Jakarta – Kepala Pusat Data, Informasi dan Humas Badan Nasional Penanggulangan Bencana (BNPB) Sutopo Purwo mengatakan, salah satu penyebab banjir bandang yang melanda Sentani Kabupaten Jayapura Provinsi Papua akhir pekan lalu diduga akibat ulah manusia yang merusak alam sekitar.

Pergunungan Cycloop di Jayapura yang seharusnya menjadi resapan air malah dirusak dan dibuat menjadi permukiman hingga pertanian.

“Kerusakan di Pergunungan Cycloop ternyata sudah berlangsung sejak 2003. Perambahan cagar alam oleh 43.030 jiwa atau 753 keluarga sejak 2003. Terdapat penggunaan lahan permukiman dan pertanian lahan kering campur DAS Sentani 2.415 hektare,” kata Sutopo memaparkan, Senin (18/3/2019) dikutip dari detik.com.

Selain itu, kata dia, banjir bandang di Sentani juga disebabkan faktor alam. Saat itu hujan turun sangat lebat selama tujuh jam. Banjir bandang dan tanah longsor ini menelan puluhan korban jiwa dan menyebabkan bangunan dan rumah warga rusak. Berikut data yang disampaikan BNPB pada Selasa (19/3/2019) siang :

  1. 89 orang meninggal dan 159 luka-luka

Dari 89 orang meninggal, Posko Induk Tanggap Darurat mencatat 82 korban meninggal akibat banjir bandang di Kabupaten Jayapura. Sedangkan, 7 korban meninggal akibat tanah longsor di Ampera, Kota Jayapura. Sementara 159 orang luka-luka terdiri dari 84 orang luka berat dan 75 orang luka ringan.

  1. 74 orang hilang

BNPB menyampaikan ada 74 orang hilang sesuai laporan dari keluarga dan masyarakat. Mereka yang hilang terdiri atas 34 orang dari Kampung Milinik, 20 orang dari BTN Gajah Mada, 7 orang dari kompleks Perumahan Inauli, 4 orang dari Kampung Bambar, 2 orang dari BTN Bintang Timur, 1 orang dari Sosial, 1 orang dari Komba, dan 3 orang dari Taruna Sosial.
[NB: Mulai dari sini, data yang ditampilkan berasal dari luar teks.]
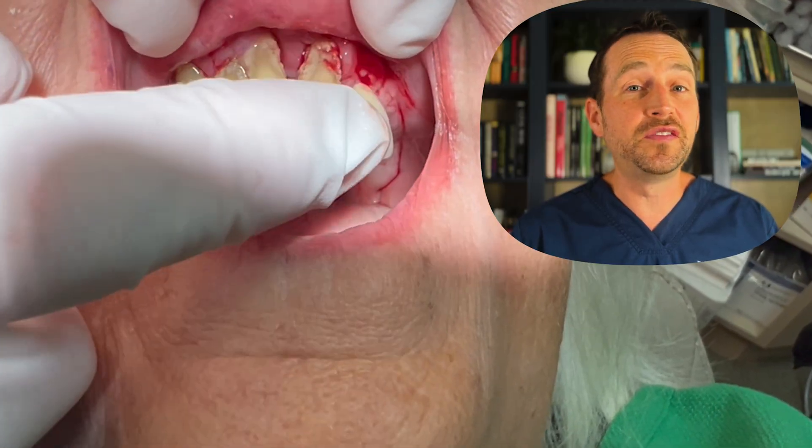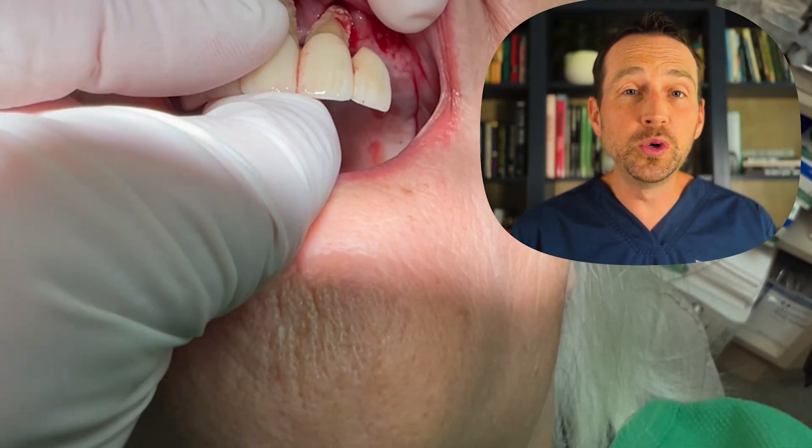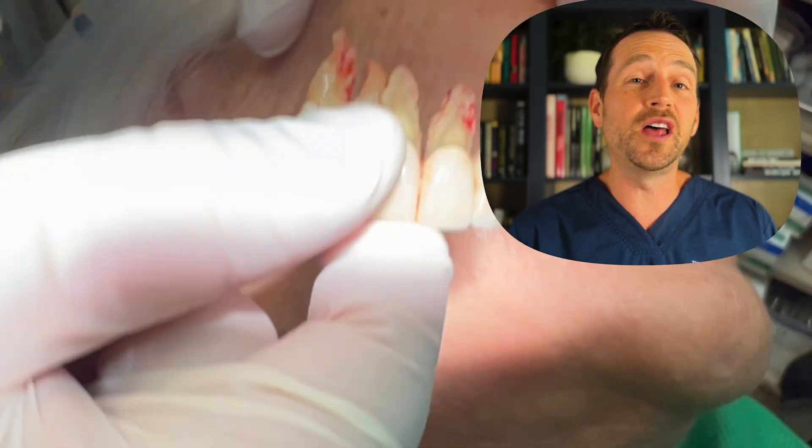These teeth are connected via a bridge, and there's so much bone and soft tissue loss that I'm able to remove them simultaneously using nothing but my fingers.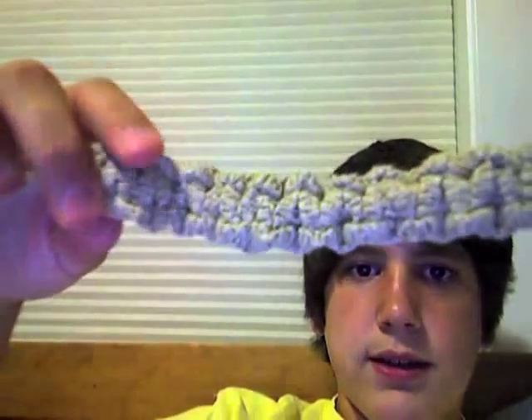If you want to make a hemp bracelet like this — the kind that is made out of hemp — this is the right video. Okay, well if you're wondering why my hair is wet, it's because I just took a shower. Okay, so you want to get just a long cord strand.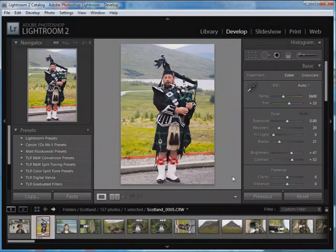I'm going to quickly demonstrate how to use Nik Silver FX Pro with Lightroom 2. Silver FX Pro is a Photoshop plugin for doing black and white conversion and then adding sophisticated effects like film grain, toning, vignettes, and burned edges.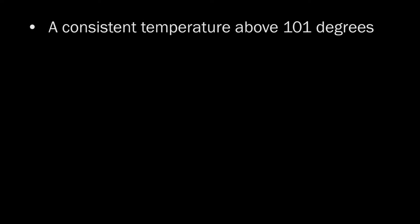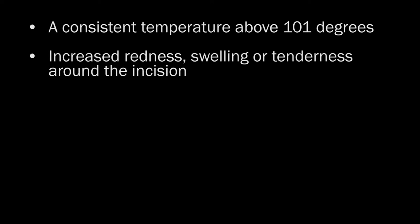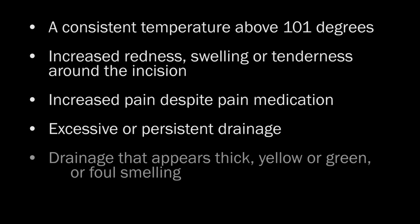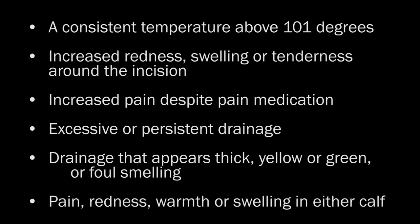Notify me immediately if you have any signs or symptoms including a consistent temperature above 101 degrees, increased redness, swelling, or tenderness around the incision, increased pain despite pain medication, excessive or persistent drainage, drainage that appears thick, yellow, or green, or foul-smelling, or pain, redness, warmth, or swelling in either calf.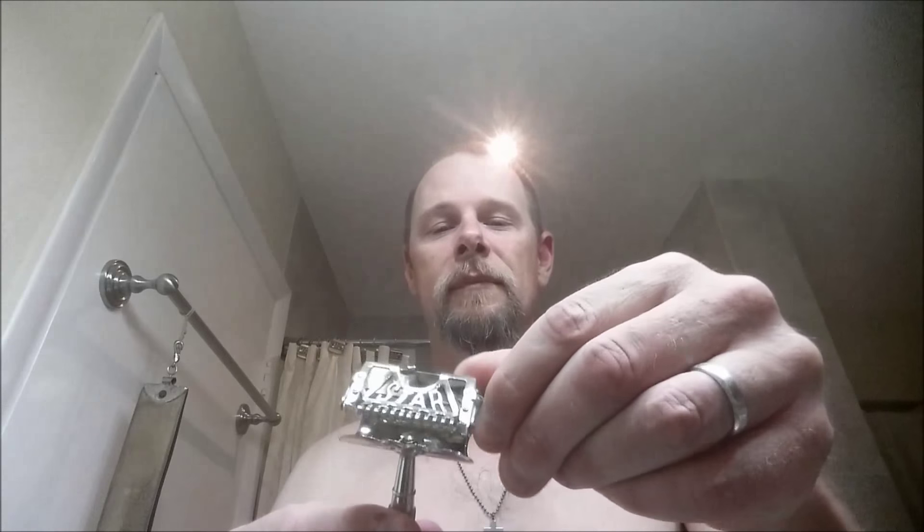Today I'm going to be shaving with a Star razor. I did a little research on the internet, YouTube and such, and there's no videos of anyone shaving with one of these. So I figured I'd put off my straight razor shave and do this thing.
Selain korban jiwa, bencana juga mengakibatkan 350 rumah, 3 jembatan, 8 unit drainase, 4 jalan, 2 gereja, 1 masjid, 8 sekolah, 104 ruko, dan 1 unit pasar rusak berat.

  1. Ribuan personel dikerahkan

Sebanyak 1.613 personel gabungan dari berbagai instansi dan lembaga masih melakukan penanganan darurat bencana banjir bandang. Dapur umum, pos pelayanan kesehatan, dan posko sudah didirikan. Namun, masih diperlukan beberapa kebutuhan mendesak seperti MCK, air bersih, makanan, matras, selimut, pakaian layak, genset, peralatan dapur, dan psikososial.

  1. Jumlah pengungsi bertambah

Hingga saat ini, banyak masyarakat yang memilih tinggal di pengungsian lantaran trauma dan takut akan adanya banjir bandang susulan. Akibatnya, di sejumlah titik pengungsian berjubel pengungsi.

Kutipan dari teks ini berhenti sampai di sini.